The ATP-mediated fast current of rat dorsal root ganglion neurons is a novel effector for GABAB receptor activation

doi:10.1016/S0304-3940(02)01369-1

Neuroscience Letters

Volume 338, Issue 3, 6 March 2003, Pages 181-184

https://doi.org/10.1016/S0304-3940(02)01369-1 Get rights and content

Abstract

Because γ-aminobutyric acid_B (GABA_B) agonists produce strong antinociception, the present study analyzed if GABA_B receptors might operate through depression of P2X₃ receptors responsible for fast adenosine triphosphate (ATP) currents involved in transmitting pain. On rat dorsal root ganglion (DRG) nociceptive neurons, inward currents induced by ATP were inhibited after 2 s or 60 s GABA application and unaffected after 10 s application. SKF-97541 or baclofen, potent GABA_B agonists, mimicked only the late inhibition of ATP currents.
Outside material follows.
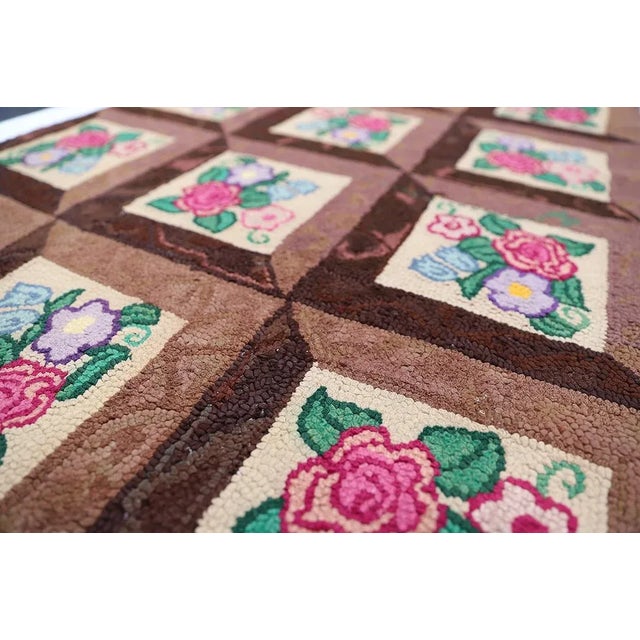 Brown 3'x5' Vintage American Hooked Rug | Brown & Colorful American Hook Area Rug For Sale - Image 8 of 11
The effect of SKF-97541 or GABA was observed even after their transient application prior to ATP. The GABA_B antagonist CGP-52432 blocked the action of SKF-97541, suggesting a GABA_B receptor-mediated mechanism (the GABA_A antagonist picrotoxin was ineffective). It is suggested that, on nociceptive DRG neurons, GABA produced slow inhibition of P2X₃ receptors via metabotropic GABA_B receptors.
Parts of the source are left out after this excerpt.